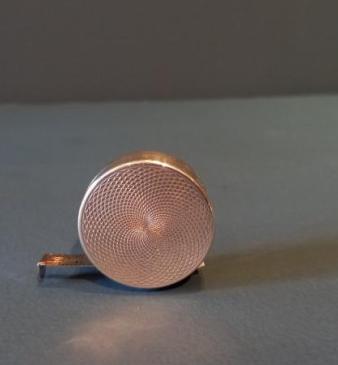 Art Deco Silver Engine Turned Tape Measure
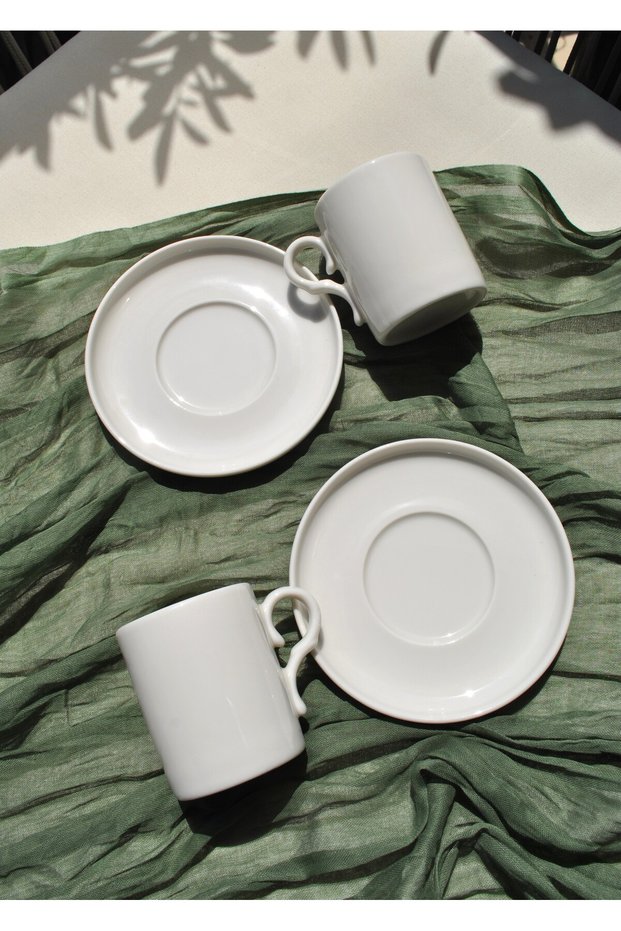 2-Person Set of 4 Porcelain Plain Coffee Cups 110 ml - Toledom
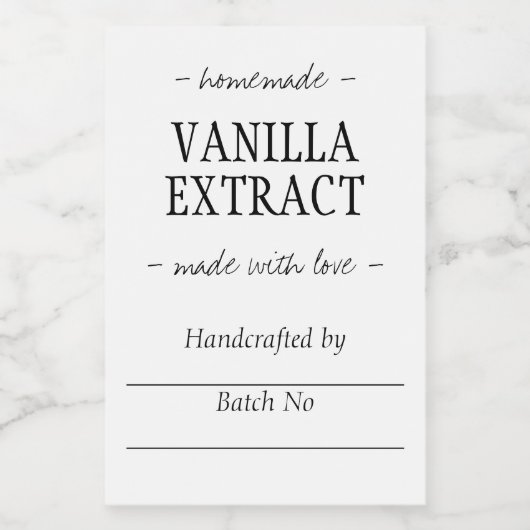 Homemade Handgemaakt Vanilla Extract flespot Voedselcontainer Etiket (Enkel label)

- **Your objective**:
Where images occur in the data above, leave them out and repeat everything else exactly.

- **Exercise result**:
 Art Deco Silver Engine Turned Tape Measure
 2-Person Set of 4 Porcelain Plain Coffee Cups 110 ml - Toledom
 Homemade Handgemaakt Vanilla Extract flespot Voedselcontainer Etiket (Enkel label)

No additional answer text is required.